The two common ways that student work is graded in kindergarten through second-grade are letters or numbers. They both assess a student's progress toward particular learning goals. Whichever system you or your school district prefers, be sure to use grades to show how students are advancing and not only for final products. Marking period report cards should not be the only time that students and families see grades.

Letter Grades

Letter Grades
Student...      Exceeds expectations Meets expectations Approaches expectations Does not meet expectations Work is missing or not turned in Work turned in unfinished
Letter Grade O (Outstanding) S (Satisfactory) N (Needs Improvement) U (Unsatisfactory) NE (Not Evaluated) I (Incomplete)

Number Grades

Number Grades
Student... Meets expectations Approaches expectations Does not meet expectations Cannot be assessed at this time (work incomplete, learning goal not yet evaluated, etc.)
Score 3 2 1 X

As you can see, the only difference between the two methods is that letter grades offer one more measure of success than number grades. Use your best judgment to choose which system will most benefit your class and stick with it.

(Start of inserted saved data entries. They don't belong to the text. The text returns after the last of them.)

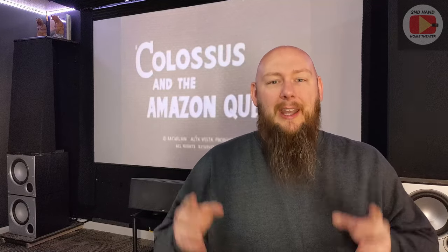Thank you for clicking on the video. This is the third episode in my ShopGoodwill budget home theater build series, and today we're talking about center channels. In my opinion, the center channel is probably the most important speaker in your home theater surround sound system.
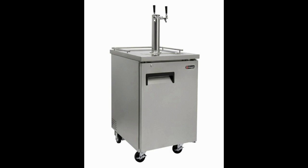The Kegco Commercial Direct Draw Beer Dispenser is severely overpriced. Even though this outdoor kegerator is NSF compliant and features a commercial grade setup, there are much better options out there at significantly lower prices.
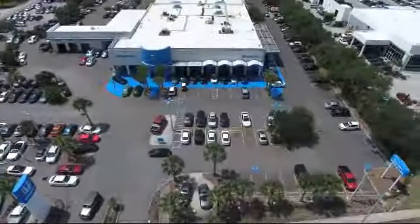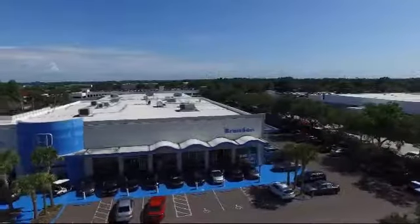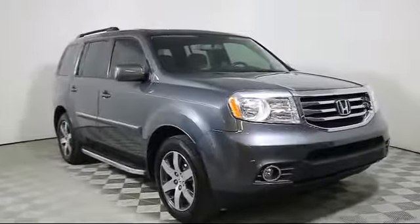Welcome to Brandon Honda, Tampa's premier Honda dealer and home of the real nationwide lifetime warranty on all new and most pre-owned vehicles. Here's a look at another one of our great pre-owned vehicles from our large selection.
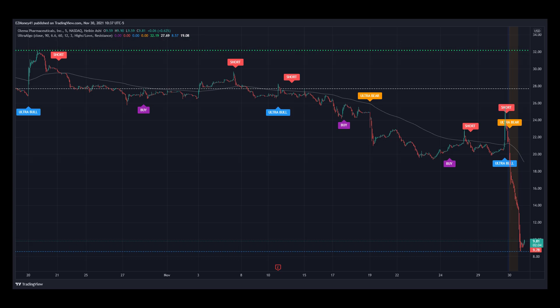Here's stock ticker OLMA for OLEMA Pharmaceuticals Incorporated on a 5-minute chart for the past month. Notice today's price movements in relation to the last ultra-vert signal for UltraAlgo. The price was on an important support line, which is the blue line at the bottom a few moments ago, so we are waiting for the next buy signal as it looks oversold, and the price is actually starting to show bullish signs. We can also notice how the price went from $22 since the last ultra-vert signal all the way down to $9.81 right now.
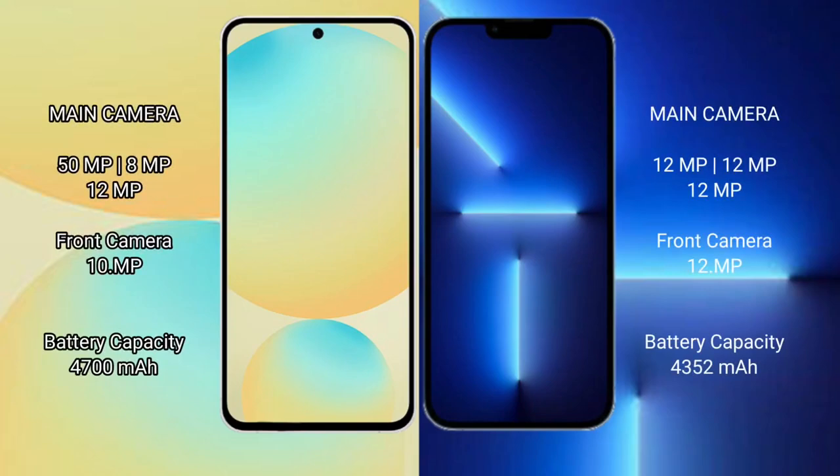Samsung Galaxy S24 FE features a triple camera setup: 50MP plus 8MP plus 12MP, with a 10MP front camera. iPhone 13 Pro Max features a triple camera setup: 12MP plus 12MP plus 12MP, with a 12MP front camera.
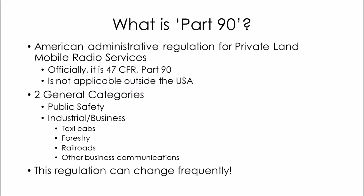What is Part 90? First off, if you're not operating your radios inside the United States, you don't have to worry about Part 90. It is an administrative regulation for private land mobile radio service. If you're looking for it on the internet to read it, it is 47 CFR Part 90. It regulates radio equipment in the public safety and industrial business areas.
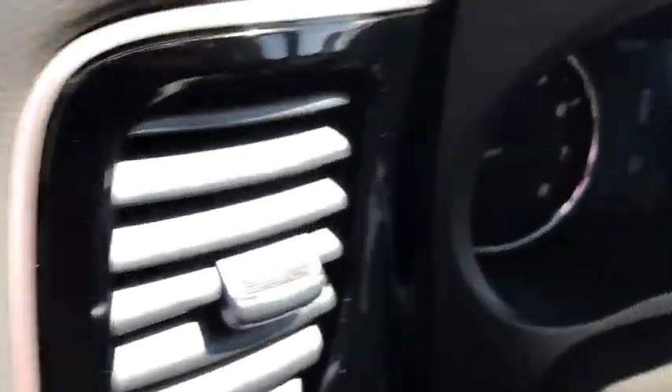This vehicle has less than 60,000 miles. Here are some of this vehicle's great options.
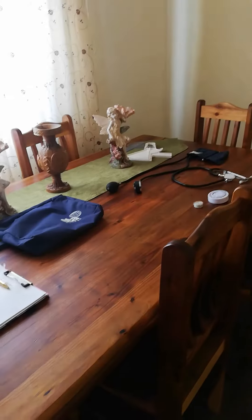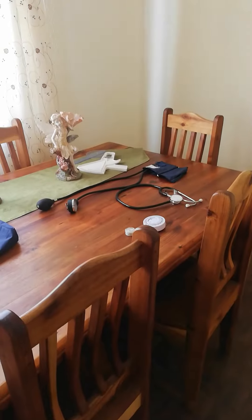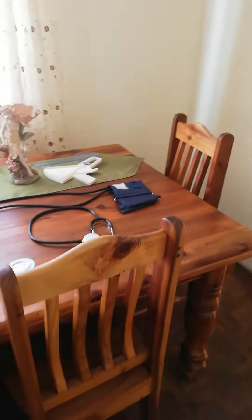A quick peek into what happens before one of my personal training sessions. My first client will be here in the next hour. When I open the front door for her, this is our first point of contact. She'll sit over there and I'll sit over here, and we'll first have a nice conversation.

Codes for Marking Grades 3-5

Student work for grades three through five is assessed using more sophisticated scoring charts. These almost always involve a system of letter and number combinations. The following two charts are examples of this with one representing a more precise score gradient than the other. Either chart is sufficient.

Simple Scoring Chart

Simple Scoring Chart for Grades 3-5
Score 90-100 80-89 70-79 60-69 59-0 Not evaluated Incomplete
Letter Grade A (Excellent) B (Good) C (Average) D (Below Average) E/F (Not Passing) NE I

Advanced Scoring Chart

Advanced Scoring Chart for Grades 3-5
Score >100 93-100   90-92 87-89 83-86 80-82 77-79 73-76 70-72 67-69 64-66 63-61 60-0 Not Evaluated Incomplete
Letter Grade A+ (optional) A A- B+ B B- C+ C C- D+ D D- E/F NE I

Communicate with Families

A critical contributing factor to student success is family communication. Keep families informed about their child's progress as it is happening so that they can help their child achieve learning targets. Use parent-teacher conferences and progress reports as opportunities to directly touch base and supplement these by sending home graded work often.

Sources

  • “Grading Student Work.” Office of Graduate Studies | Teaching at UNL, University of Nebraska-Lincoln.
  • O'Connor, Ken. How to Grade for Learning: Linking Grades to Standards. Fourth ed., Corwin, 2017.